Published: Wednesday, Sep. 1, 2010 - 12:00 am | Page 3A
Last Modified: Thursday, Jul. 14, 2011 - 11:25 am

Both legislative houses voted Tuesday on competing versions of the long-stalemated state budget after hours of flowery debate. The net result was zero, as everyone knew in advance that neither could muster the required votes.

The purely political drill could and should have been staged three months ago, but for reasons that defy logic, the Legislature's dominant Democrats chose to do it on the final day of the 2009-10 legislative session.

Democrats voted for their version, keyed to tax increases. Republicans voted for a budget that slashes spending. Their effusion of hot air evoked what William Shakespeare's Macbeth said: "A tale told by an idiot, full of sound and fury, signifying nothing."

Come to think of it, that's true of the entire session. The Legislature's public approval barely makes it into double digits, and the session did nothing to change that disdain while Californians suffer from the worst recession in modern history, with well over 2 million workers without jobs.

Lawmakers and Gov. Arnold Schwarzenegger have utterly failed to balance the state's deficit-riddled state budget while skirmishing over trivia and pointing the fingers of blame at each other – which is what the buzzword-filled budget speeches Tuesday were all about.

If there's a silver lining on this otherwise dismal record, it is – or should be – that it provides a final bit of evidence that California's governance is utterly broken and needs a top-to-bottom overhaul.

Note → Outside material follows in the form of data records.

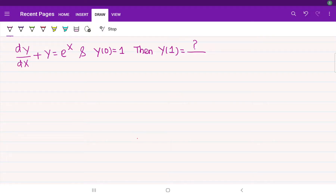Hello friends, welcome back to Mac's lecture series. In this series, we are learning how to obtain the solutions for different types of first order differential equations. Let us take one more equation.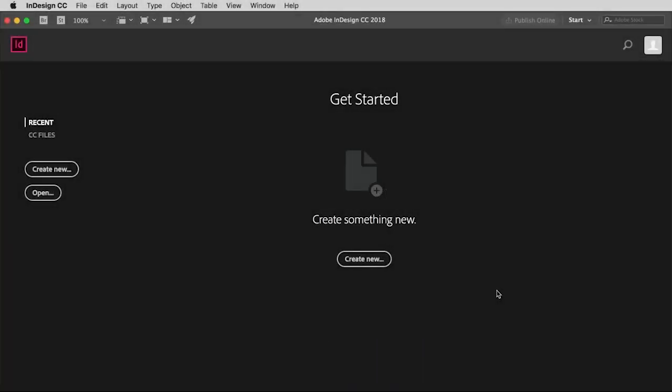Welcome to InDesign. We're going to start off at the most logical place and that is to show you how to open an existing document or to create a new document. To open an existing document, you can click here or you can go up to the file menu and pull down to open.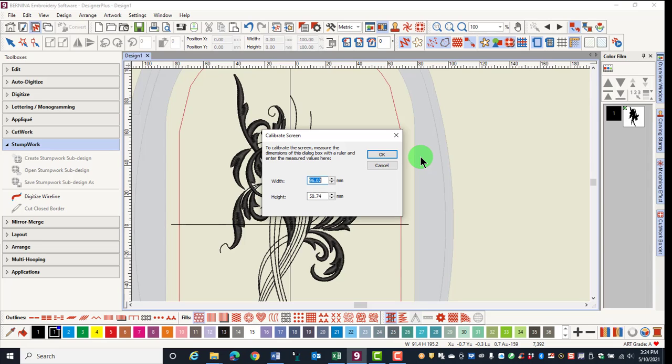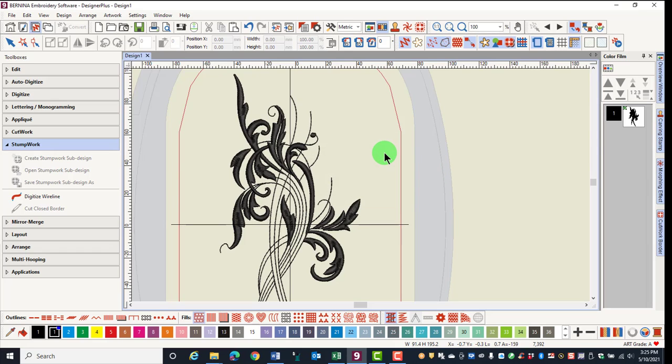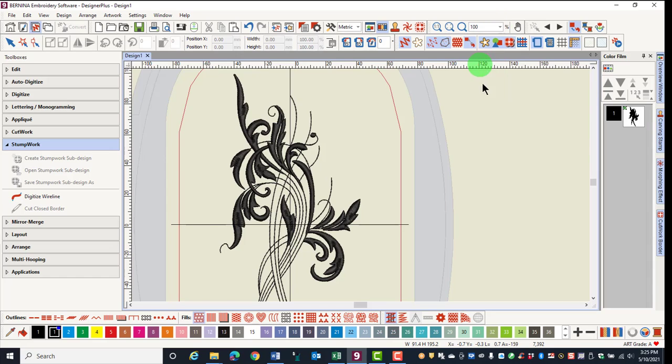Enter these values in the width and height and click OK. Now when you select 100% zoom, the design is shown in actual size.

The system that we adapted from the federal government 160 years ago and then altered dozens of times thereafter is out of sync with California's demographic, economic and cultural reality. It simply does not work and, more importantly, cannot work.

As 2010 began, two high-profile campaigns were launched to overhaul the state's dysfunctional governmental structure. Endemic political inertia and the fears of interest groups about change have doomed both to failure.

That failure does not, however, negate the underlying need for reform. California has become a global laughingstock, and its economic future is at serious risk unless it deals with its myriad political issues.

A state that can't balance its budget and has an abysmal credit rating, severe traffic congestion on pot-holed roads and a clearly failing public education system can no longer command respect. We should be ashamed.

Two new books – "Remaking California" and "California Crackup" – catalog the state's civic ills. In a few weeks, Loyola University Law School will sponsor a forum on dysfunction and its cures, called "Rebooting California."

It's high time that the state's movers and shakers – the business, labor and civic leaders who could make a difference – do something to transform disgust into change.

© Copyright The Sacramento Bee. All rights reserved.


Call The Bee's Dan Walters, (916) 321-1195. Back columns, www.sacbee.com/ walters.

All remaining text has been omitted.